Shares of CuriosityStream (CURI 5.21%), a streaming service specializing in educational content, crashed on Wednesday after the company reported financial results for the first quarter of 2021. Results missed expectations and that has investors worried. As of noon EDT, the stock was down almost 20%.
In Q1, CuriosityStream generated revenue of $9.9 million, up 33% year over year. This was a sharp deceleration from the 70% year-over-year revenue growth the company enjoyed in the fourth quarter of 2020. Moreover, Wall Street was expecting more. According to data provided by S&P Global Market Intelligence, analysts had expected revenue of $10.6 million.
To go along with earnings results today, CuriosityStream announced the acquisition of One Day University for an undisclosed amount. One Day University offers lectures from college and university professors in various topics. Video content can be accessed from its growing library but there are also new live streams five days a week. With CuriosityStream's emphasis on educational content, One Day University should be seen as a complementary acquisition.

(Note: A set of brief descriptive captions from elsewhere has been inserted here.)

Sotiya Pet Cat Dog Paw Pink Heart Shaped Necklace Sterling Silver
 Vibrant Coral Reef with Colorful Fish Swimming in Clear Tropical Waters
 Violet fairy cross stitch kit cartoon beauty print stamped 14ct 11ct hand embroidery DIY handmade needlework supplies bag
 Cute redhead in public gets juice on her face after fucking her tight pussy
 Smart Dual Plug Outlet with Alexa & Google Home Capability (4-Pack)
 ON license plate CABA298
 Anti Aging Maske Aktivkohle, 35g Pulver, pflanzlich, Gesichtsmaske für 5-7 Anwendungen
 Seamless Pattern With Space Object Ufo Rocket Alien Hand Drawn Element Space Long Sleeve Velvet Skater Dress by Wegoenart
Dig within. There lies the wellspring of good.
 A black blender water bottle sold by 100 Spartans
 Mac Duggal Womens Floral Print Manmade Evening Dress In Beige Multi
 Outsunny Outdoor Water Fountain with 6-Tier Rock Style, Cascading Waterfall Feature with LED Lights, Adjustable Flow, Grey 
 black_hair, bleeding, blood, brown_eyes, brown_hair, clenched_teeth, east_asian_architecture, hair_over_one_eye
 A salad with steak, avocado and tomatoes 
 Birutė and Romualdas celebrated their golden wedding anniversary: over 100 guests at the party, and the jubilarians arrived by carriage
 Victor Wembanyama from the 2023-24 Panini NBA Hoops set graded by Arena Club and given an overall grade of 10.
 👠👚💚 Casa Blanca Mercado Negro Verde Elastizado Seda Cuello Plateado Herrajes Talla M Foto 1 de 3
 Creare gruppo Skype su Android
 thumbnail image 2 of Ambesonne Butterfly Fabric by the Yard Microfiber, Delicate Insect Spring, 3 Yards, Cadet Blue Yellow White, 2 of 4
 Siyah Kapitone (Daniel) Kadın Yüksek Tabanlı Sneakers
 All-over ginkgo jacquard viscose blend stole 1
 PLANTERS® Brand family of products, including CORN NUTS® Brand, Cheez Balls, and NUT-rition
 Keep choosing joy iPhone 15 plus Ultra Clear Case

While Q1 results may have fallen short of analysts' expectations, CuriosityStream management reaffirmed full-year revenue guidance of $71 million. Considering the majority of revenue is generated from subscribers on an annual plan, it's relatively simple for this company to predict future revenue. Indeed, management says it has visibility on 90% of its 2021 revenue.
Considering full-year revenue guidance has been reaffirmed, it might be an overreaction to fret about Q1 as the market is today. Now down over 60% from previous highs, it might be worth giving this small-cap stock a second look.